This article attempts to help readers understand the potential implications of the Ethereum network and its native asset ETH as an investment target. However, it does not aim to derive precise valuations or price predictions. This article assumes that readers have a basic understanding of Bitcoin, Ethereum, and the broader crypto ecosystem. The views expressed in this article are not, and should not be considered, investment advice.

Overview

Bitcoin emerged in 2009 as the first trustless digital native currency. Due to its scarcity and non-falsifiability, Bitcoin has the potential to become a universal non-sovereign store of value. As traditional financial institutions began to adopt Bitcoin in large quantities in the second half of 2020, the narrative of Bitcoin as digital gold was solidified. Eleven years after Bitcoin's inception, institutional investors finally began investing in Bitcoin, as this simple yet powerful narrative of value storage started to penetrate the mainstream of the financial industry.

On the other hand, investors' understanding of the Ethereum network and its native asset ETH is complex. Smart contracts, decentralized finance (DeFi), and Web 3.0 remain niche topics. ETH, as an asset, has a complicated value narrative that even full-time professionals in the crypto space find difficult to articulate.

According to the design of the Ethereum blockchain, ETH serves as the fuel (Gas) for the Ethereum network (often referred to as the "world computer"). But what is the use of the "world computer"? Is ETH a consumable, a capital asset, or a programmable collateral/currency? How does ETH accumulate value?

So far, there has not been a concrete single value narrative for ETH.

The remainder of this article will explore the different emerging perspectives surrounding ETH and help investors understand what they might be truly betting on when investing in ETH.
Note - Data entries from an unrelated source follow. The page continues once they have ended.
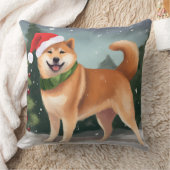 雪の中の柴犬 クリスマス クッション (ブランケット)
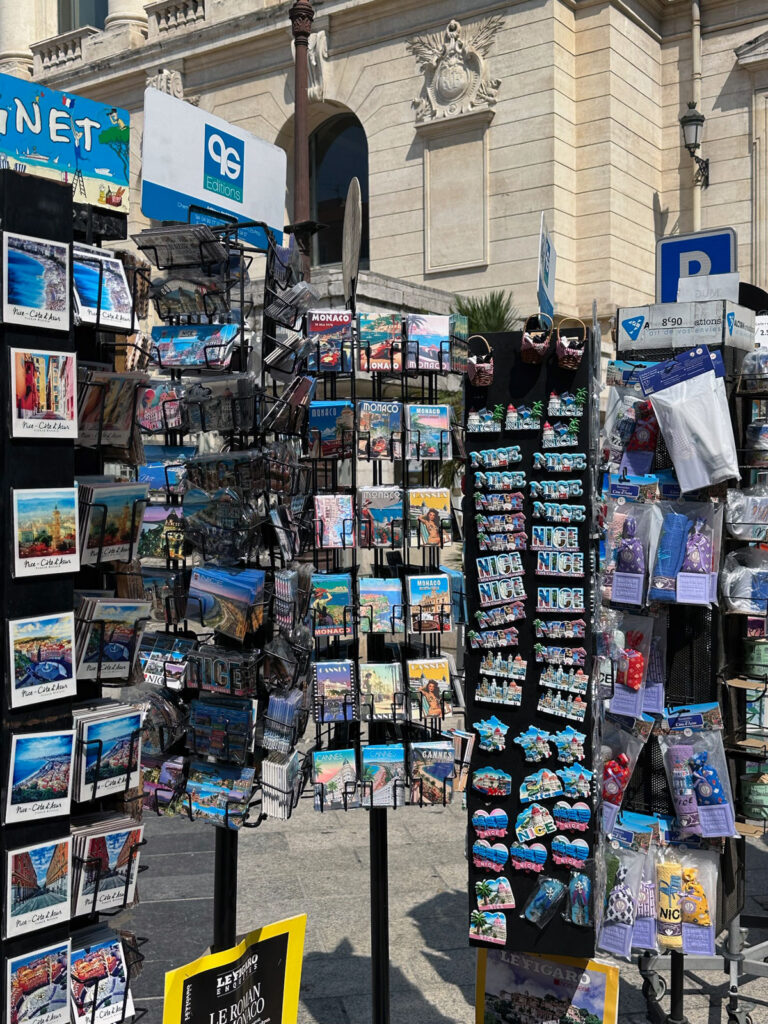 A souvenir stand near the Nice Opera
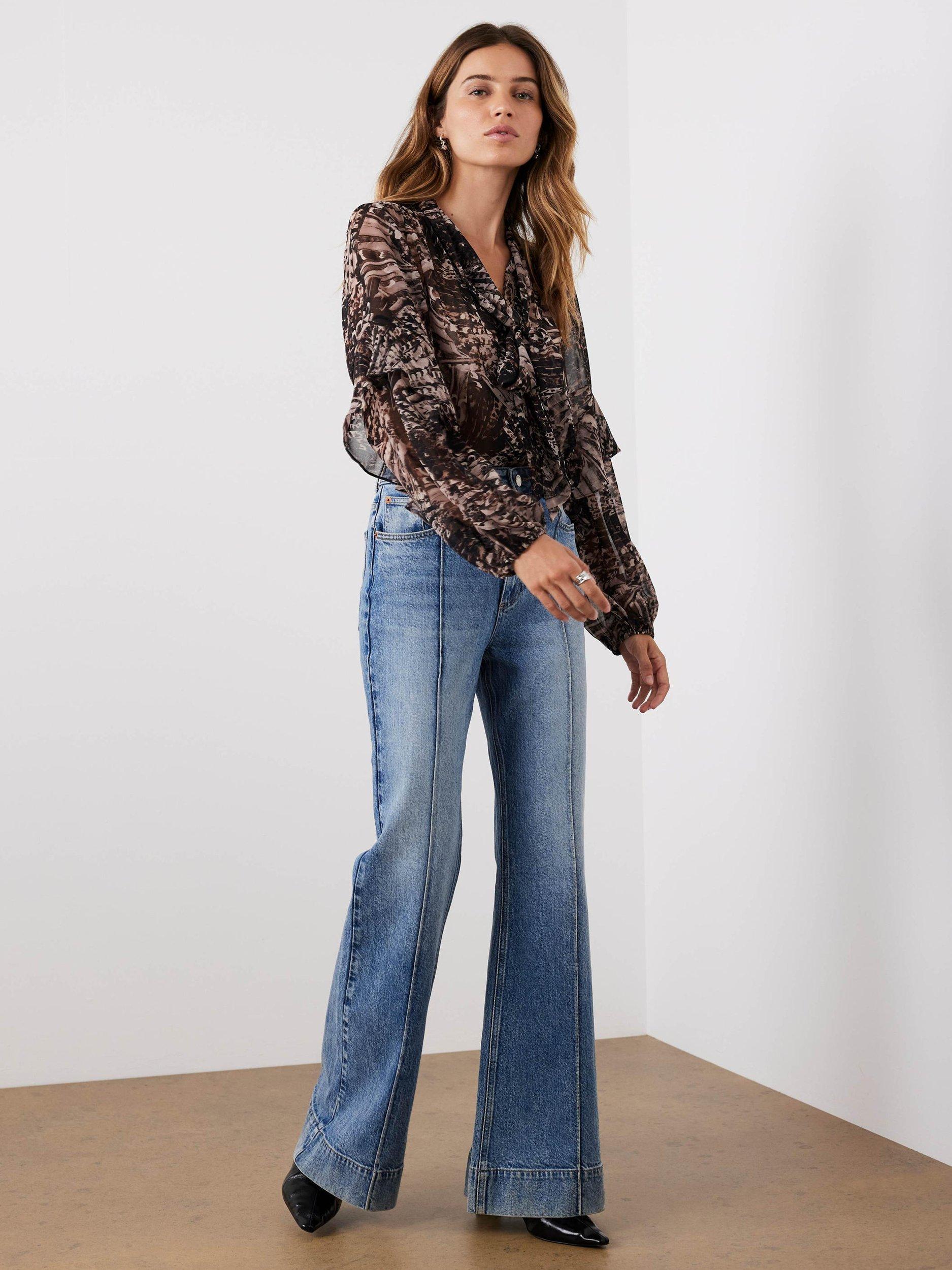 Product image 6 of 8, which shows Mint Velvet Feather Print Ruffle Blouse, Brown/Multi, S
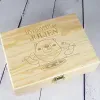 Cadeaux avec le nom: Coffret en bois personnalis&eacute; avec dessin d'un ours en peluche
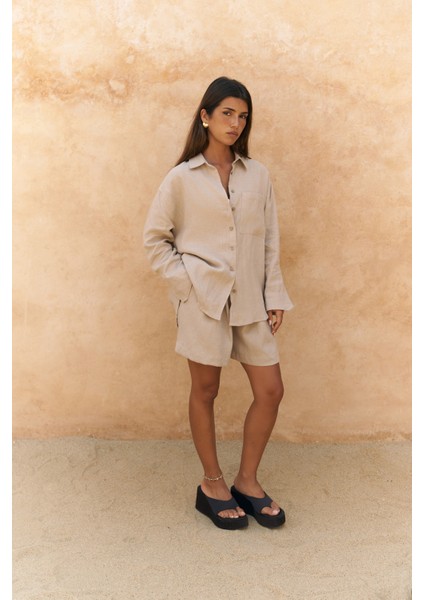 Gaelil Oversize Bej Keten Gömlek Şort Takım fiyatları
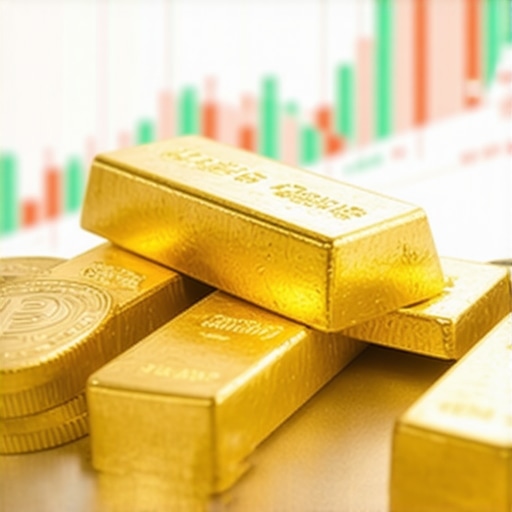 Gold bars and coins stacked securely representing tangible wealth during market instability.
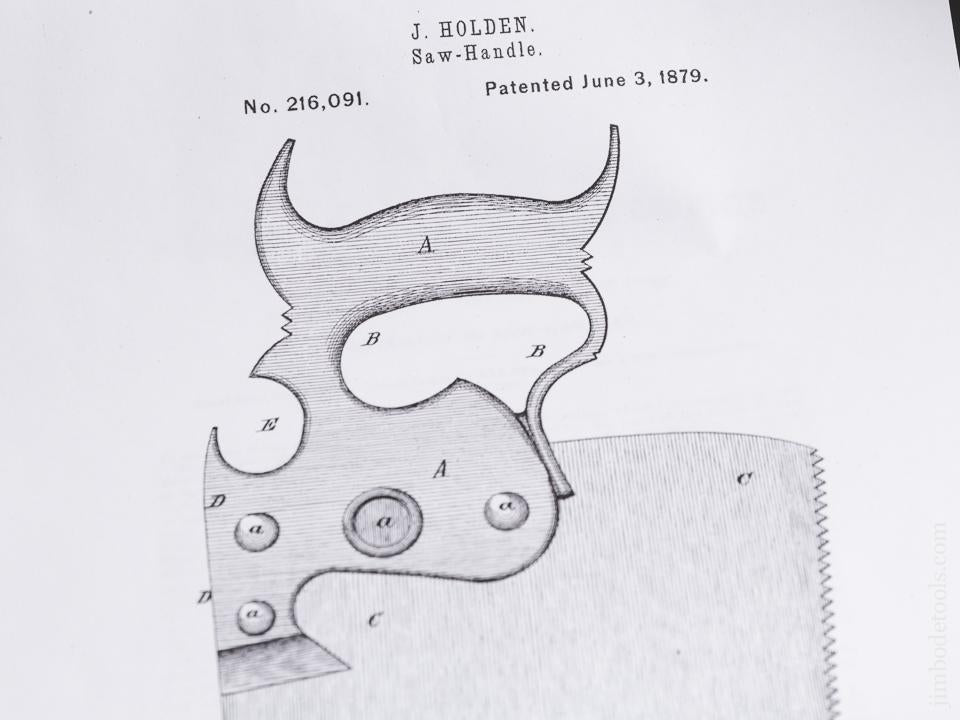 HOLDEN Patent June 3, 1879 Hand Saw with Etch of I.C. DOWS - 85469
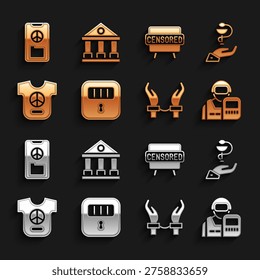 Set Prison cell door, Caduceus snake medical, Police officer, Handcuffs hands criminal, Peace, Censored stamp,  and Courthouse building icon. Vector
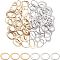 80 Pcs 2 Colors 304 Stainless Steel Linking Rings, Oval, Golden & Stainless Steel Color, 18x12x0.5~1mm, Inner Size: 13x8mm, 40pcs/color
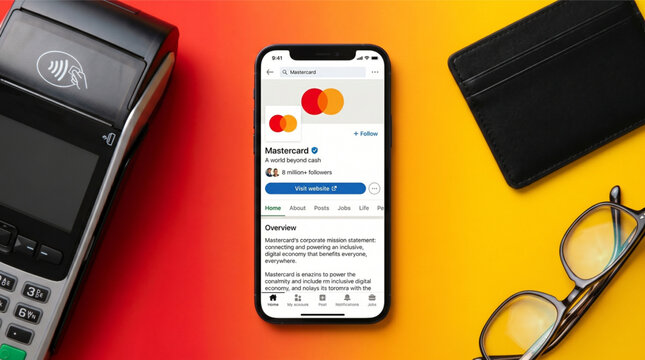 Smartphone displaying Mastercard company profile on LinkedIn social network platform in a workspace environment with payment terminal card reader black leather wallet and glasses on red background.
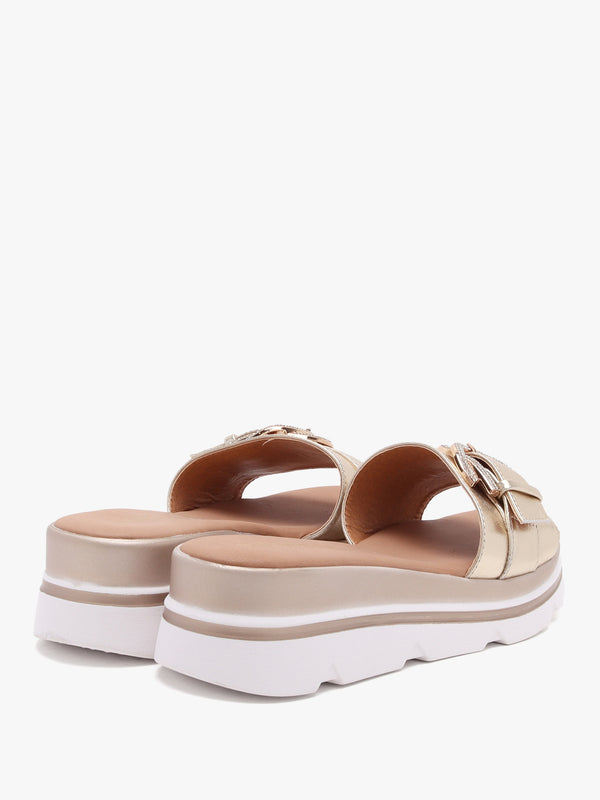 Recrys Gold Leather Embellished Flat Mules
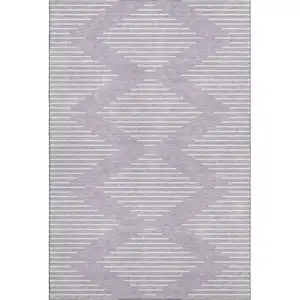 Photo of Lavender And Ivory Geometric Washable Area Rug With UV Protection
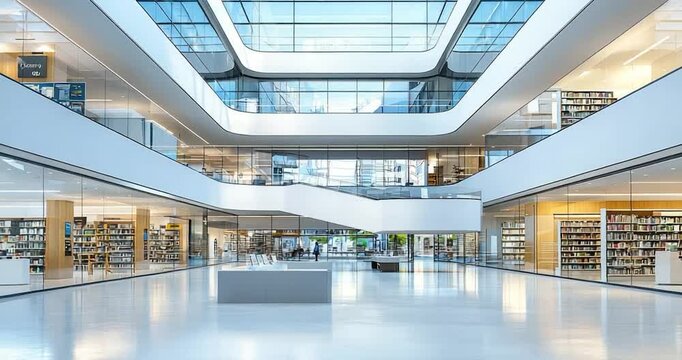 Modern multilevel building interior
Popular (but somewhat outdated) Economic Analysis of ETH

The current version of Ethereum resembles a distributed operating system with a native token, ETH, used to pay for computational costs, while miners providing computational resources are rewarded through block rewards and transaction fees. Historically, ETH block rewards have been adjusted based on explicit targets for specific expenditures. Notably, compared to Bitcoin, ETH's monetary policy is more aggressive.

In the current model, Ethereum users pay transaction costs in ETH, and ETH holders bear the inflation costs. Assuming no speculative trading, ETH holders are betting that the demand for ETH from users of Ethereum-based applications will exceed the inflation rate brought about by block rewards (which have fluctuated significantly throughout Ethereum's history).

A popular economic analysis of ETH is to view the Ethereum network as an economy and then describe the network's total value using GDP. We can then calculate Ethereum's network value based on the exchange equation PQ = MV, where price multiplied by quantity (total output) must equal the money supply multiplied by the velocity of money (turnover rate). Therefore, the total value of the Ethereum network equals the total amount of ETH in circulation multiplied by the turnover of ETH.

A common conjecture is that, in the long run, the GDP of the Ethereum network could be quite substantial but not particularly enormous, as it is constrained by the deflationary nature of computational costs and the fact that Ethereum transaction fees must be very cheap to be accepted by the masses. The turnover of ETH could also be very high, as there is no reason to hold this frictionless payment method. Thus, ETH's valuation may be relatively low but still capable of supporting a reasonable economic scale. Within this framework, ETH cannot achieve significant economic value because it is a completely substitutable commodity that does not need to be held.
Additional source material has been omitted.